Project Car Hell, Cheapskate Edition: Mercedes or BMW?

As we all know by now, the '65 Marlin stomped the '66 Charger like the NVA stomped the ARVN back in the day, according to yesterday's Choose Your Eternity poll. Of course, it just isn't fair to stack up an AMC against a homely pre-Bullitt Charger... but what really isn't fair is that we haven't had a PCH for the cheapskates for quite a while. As we keep meaning to say on a T-shirt, this is where Bondo is thick and wallets are thin! So count out 150 greasy one-dollar bills and break out every tool you own...


This whole "car with engine" thing is so overrated, we say. See, when you get a car with just a gaping void under the hood, you have nothing but opportunity. No limits! And that's what you should keep in mind when you hand over $150 for this 1968 Mercedes sedan. The owner says it's an SL, but it's not; if you squint real hard at the Blur-O-Matic photos you can almost make out some flavor of W114 sedan. Because the photos are something less than informative, you'll have to take the seller's word about the interior and body being "very good." With all the money you'll still have left after spending your behind-the-couch-cushions change on the car itself, you'll then be able to head to the junkyard, grab the correct engine, and do a nice rebuild on it. Or, you could take our advice and find a way to drop a 6.9 V8 in it. With Cherry Bombs! Naturally, there will be some incredibly expensive surprises along the way as you get this classy machine back in shape, but just imagine how you'll feel when you tell everyone you scored it for just $150.

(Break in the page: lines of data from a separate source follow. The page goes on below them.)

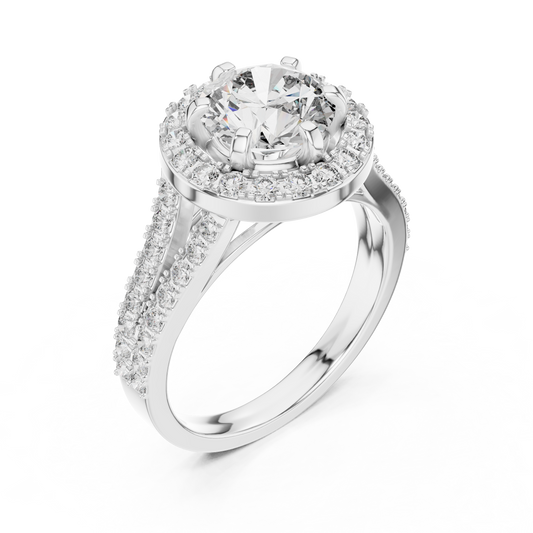 Round Halo Split Shank Engagement Ring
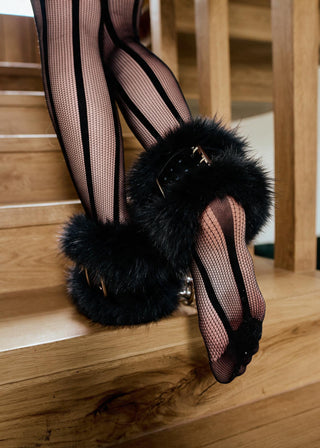 Blue Fox Fur Ankle Cuffs in Black 'Dream Keeper'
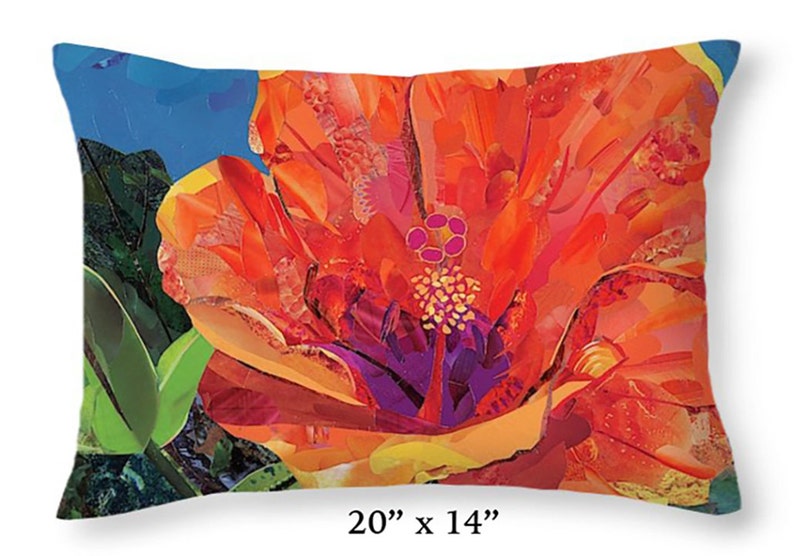 Throw Pillow Cover, Pillow, Hibiscus, Flowers, Floral, Orange, Tropical, Sanibel, Home Accents, Garden, Botanical, Hawaii, Gift image 2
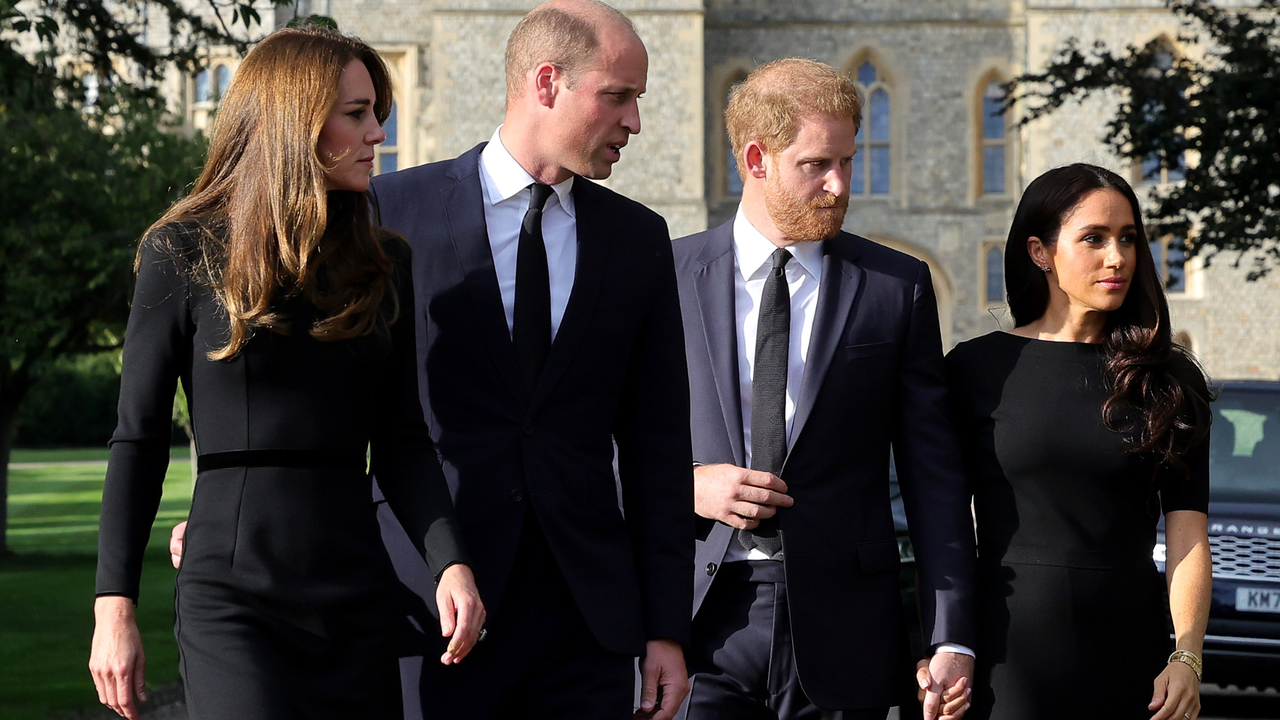 Catherine, Princess of Wales, Prince William, Prince of Wales, Prince Harry, Duke of Sussex, and Meghan, Duchess of Sussex on the long Walk at Windsor Castle arrive to view flowers and tributes to HM Queen Elizabeth on September 10, 2022 in Windsor, England.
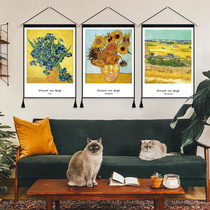 Van Gogh sunflower hanging painting fabric wall cloth bedside background wall hanging cloth ins oil painting background cloth tapestry living room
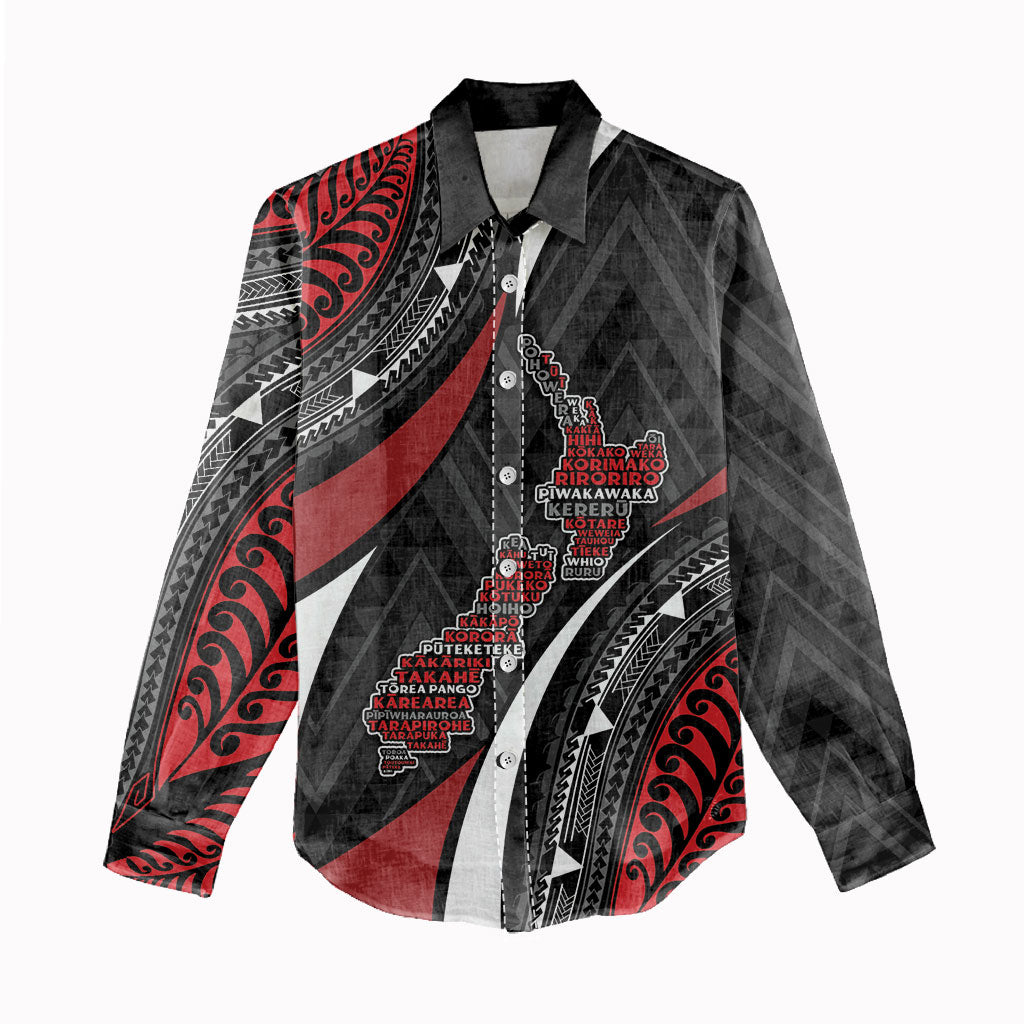 Aotearoa New Zealand Native Birds Map Women Casual Shirt Silver Fern Tribal Pattern DT05 - Polynesian Pride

When you see a Craigslist car listing with the title text prefaced by a bunch of dashes, you know you're looking at a deal... but when you see one with 50 asterisks, well, it's time to whip out $150 right away! This 1979 BMW 320i is such a car, and it's worth almost every penny of the asking price. No checks, tire kickers, or people more than 70 miles from Wasilla, Alaska, please! The seller claims (in the standard ALLCAPS style that generally accompanies the mega-asterisk title) that the engine is in good shape, but then there's the somewhat disconcerting statement "FUEL LINES NEED TO BO CHECKED OR SOMETHIN" to make you wonder. There's rust, too. But hey, we already know the V12 fits, so you know what to do!